▶ Prompt: Retype the data exactly, skipping any picture in it.

•••

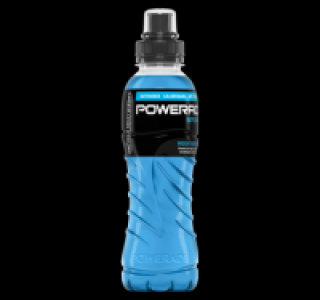 POWERADE 0.89&nbsp;&euro;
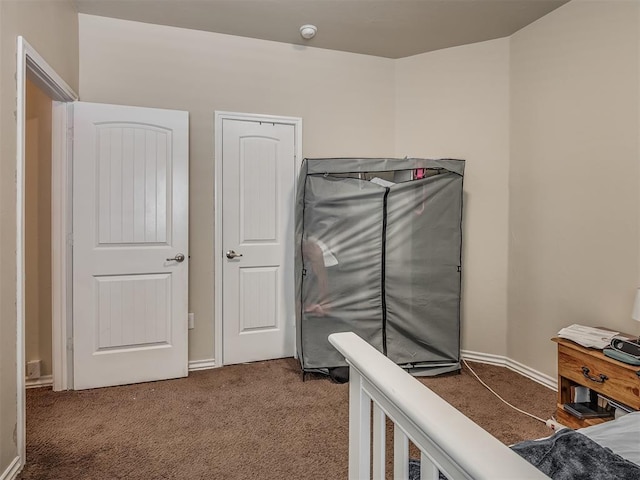10708 Cruces Dr, Oklahoma City, OK 73162 - photo 24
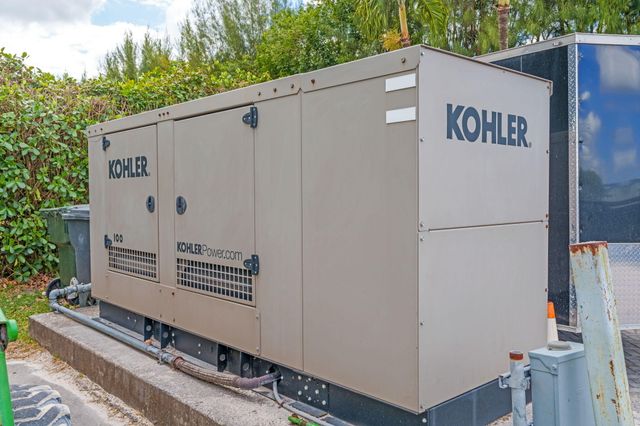 13155 Southfields Road, Wellington, FL 33414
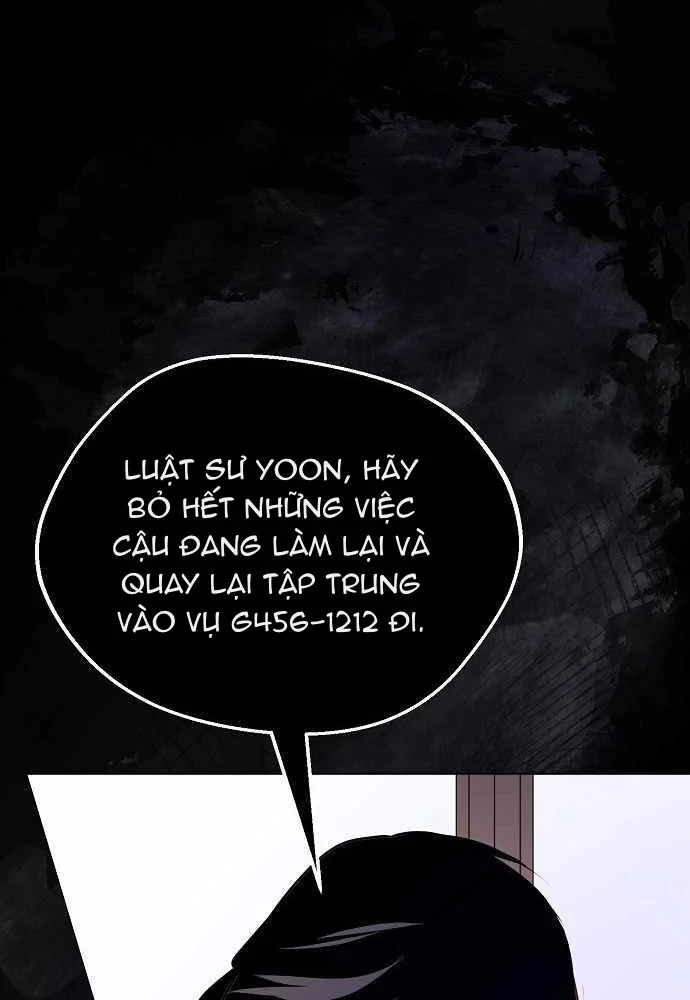 Không Gian Bí Mật Của Luật Sư Phi Thường Chapter 26 - 30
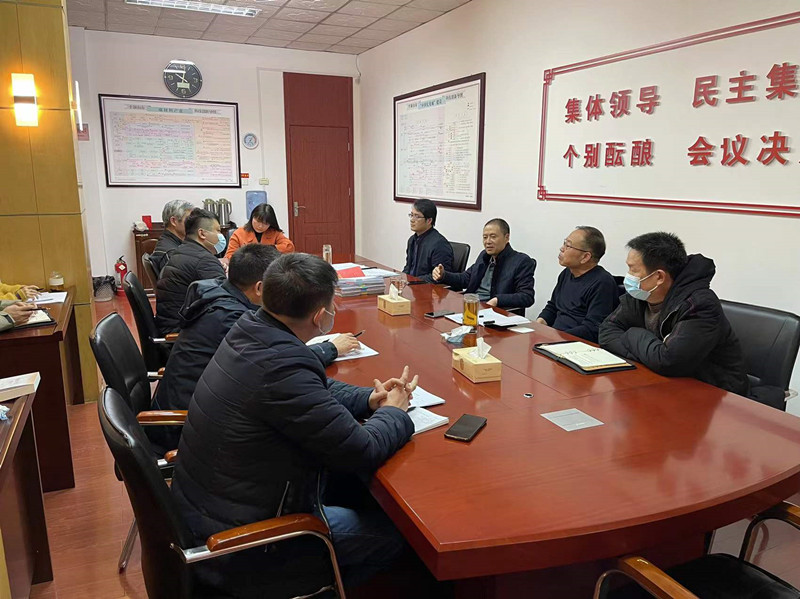 微信图片_20220114164001_副本.jpg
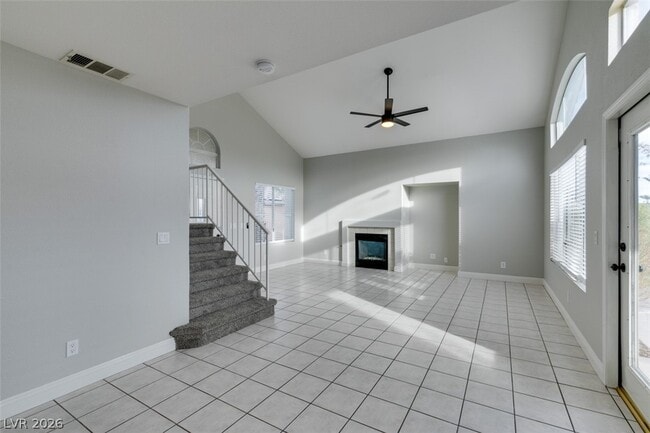 Building Photo - 9705 Ridge Creek Pl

•••

▶ Answer to the problem:
 POWERADE 0.89&nbsp;&euro;
10708 Cruces Dr, Oklahoma City, OK 73162 - photo 24
 13155 Southfields Road, Wellington, FL 33414
 Không Gian Bí Mật Của Luật Sư Phi Thường Chapter 26 - 30
 微信图片_20220114164001_副本.jpg
 Building Photo - 9705 Ridge Creek Pl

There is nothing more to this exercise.